The alignment of polar molecules in an external electric field is not the only mechanism by which materials may be polarized. For example, atoms themselves will become polarized in an electric field (the nucleus moves slightly with respect to the centre of the electron cloud, see Griffiths for details). Similarly, in ionic materials, the positive and negative ions will tend to move in response to external field. In other words we imagine the polarization \(\vec{P}\) to be the result of the ‘lining’ up of the many tiny dipoles aligned or created by the external field. in a simple way we can imagine the dipoles line up as in this figure,

Here the negative and positive parts of the induced/aligned dipoles are shown as blue and red. (Note, in real materials aligned permanent dipoles would still show some randomness in their orientation in the external field. If the field becomes too strong, the dipoles will end up almost perfectly aligned, the polarization becomes ‘saturated’ and we no longer have a linear material).

From the figure we see that in the shaded grey box the net charge is zero on the macroscopic scale (i.e. at the point where we can’t ‘see’ individual dipoles). However, at the edges of the grey box we see that there is a net positive charge on one side and a next neagtive charge on the opposite side.

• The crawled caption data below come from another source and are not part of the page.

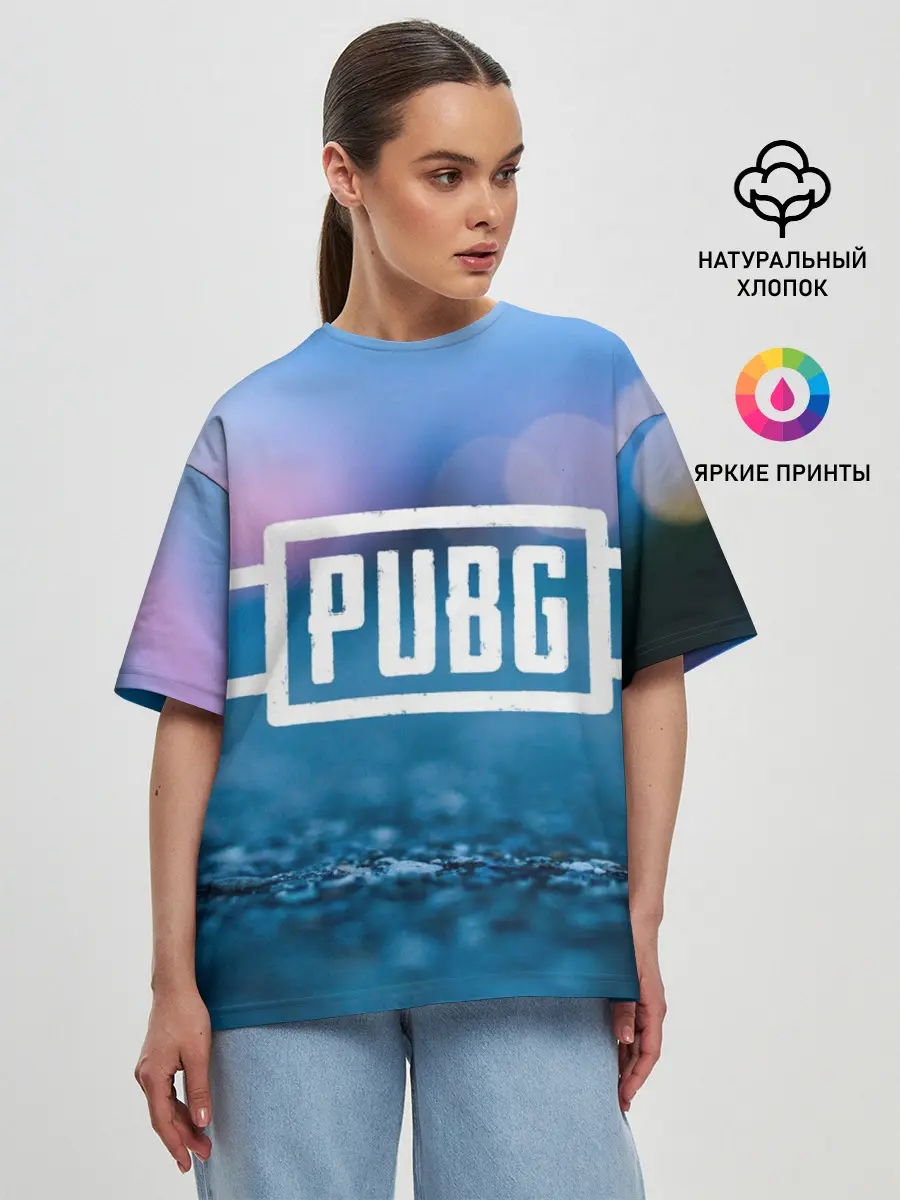 Женская футболка оверсайз / PUBG light blue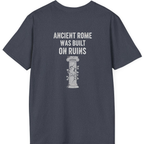 Ancient Rome Was Built On Back Print T-Shirt - Heather Navy back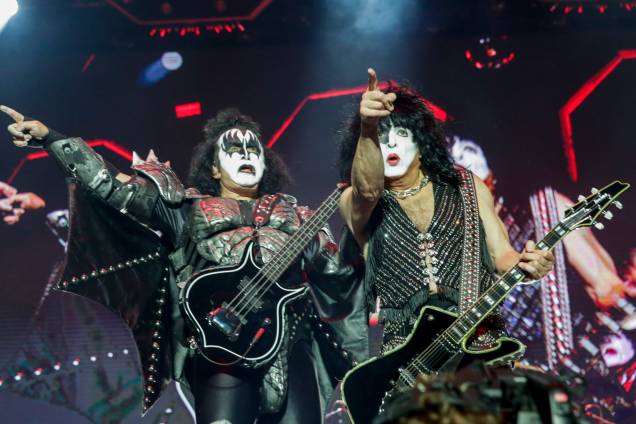 The band Kiss during their performance at Allianz Parque, on their farewell tour 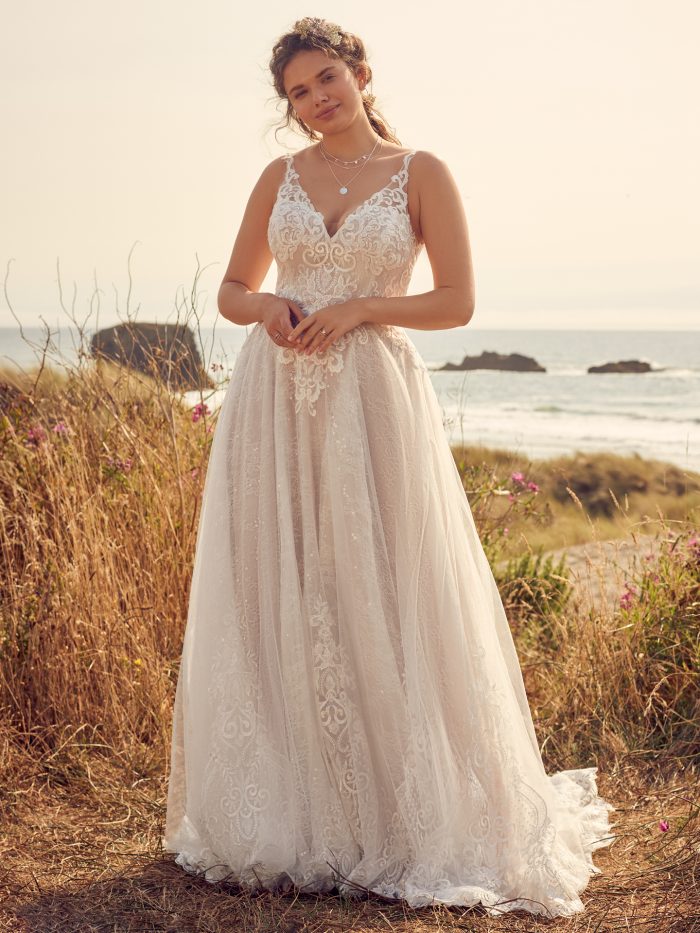 Plus Size Bride In Lace Wedding Dress Called Shauna By Rebecca Ingram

These are known as the surface charges on the dielectric so that, more generally for any surface on our dielectric, we can describe a ‘bound’ surface charge density \(\sigma_b\). These are known as bound charges as they must remain on the surface (they can’t detach from the bit of the dipole in the grey box) and can’t move around. Also, the net surface charge on the surface of the dielectric must be zero. For a linear material, if the external field is removed the surface charges ‘melt’ back into the bulk.

What can we learn about these bond charges?

Well, we know the electrostatic field from a dipole, we saw it in our discussion of electrostatics,

\(\displaystyle V_{dipole}(\vec{r})=\frac{1}{4\pi\epsilon_0}\frac{\vec{p}\cdot \hat{\vec{r}}}{r^2}\)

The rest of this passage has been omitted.